Prequalification versus Preapproval
When you are ready to start your homebuying journey, the first step is to get prequalified or preapproved. Both of those terms sound very similar are they are similar, but being prequalified is an estimate of what you may get approved for. Your loan officer will ask you some questions about your income, debts, and credit. They may even pull your credit or you may give them your score if you have recently reviewed you credit report. This can give the real estate agent a basic idea to start sending you home search results. Before you go visit a home, you should always make sure to get preapproved so you know for certain how much home you can afford. If you like a home, you’ll want to place an offer and you can’t do that without a preapproval.
You don’t have to buy a house at the max of your qualification. You may qualify to borrow more money than you are comfortable spending on a home. In that situation, limit your home search to houses priced at a monthly payment you are comfortable with. You can use our affordability calculator to play around with the numbers.

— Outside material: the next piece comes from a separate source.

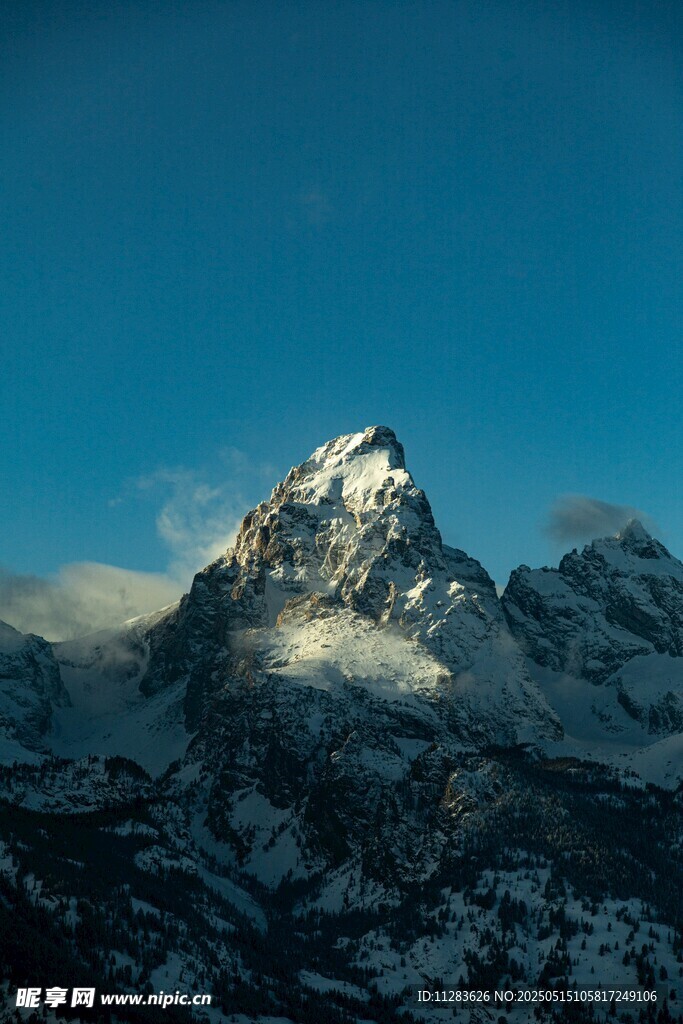 巍峨雪山映蓝天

Getting preapproved involves very similar information except more of the information is verified. For your credit review, a tri-merged credit report is pulled. This includes all 3 credit bureaus: Experian, Equifax, and Transunion. Your middle score will be used for credit qualification. Other factors like past bankruptcy and mortgage late payments will also play a role in qualification. The credit report will also serve as verification for your debts. For verify your income, past W2 and paystubs will need to provided.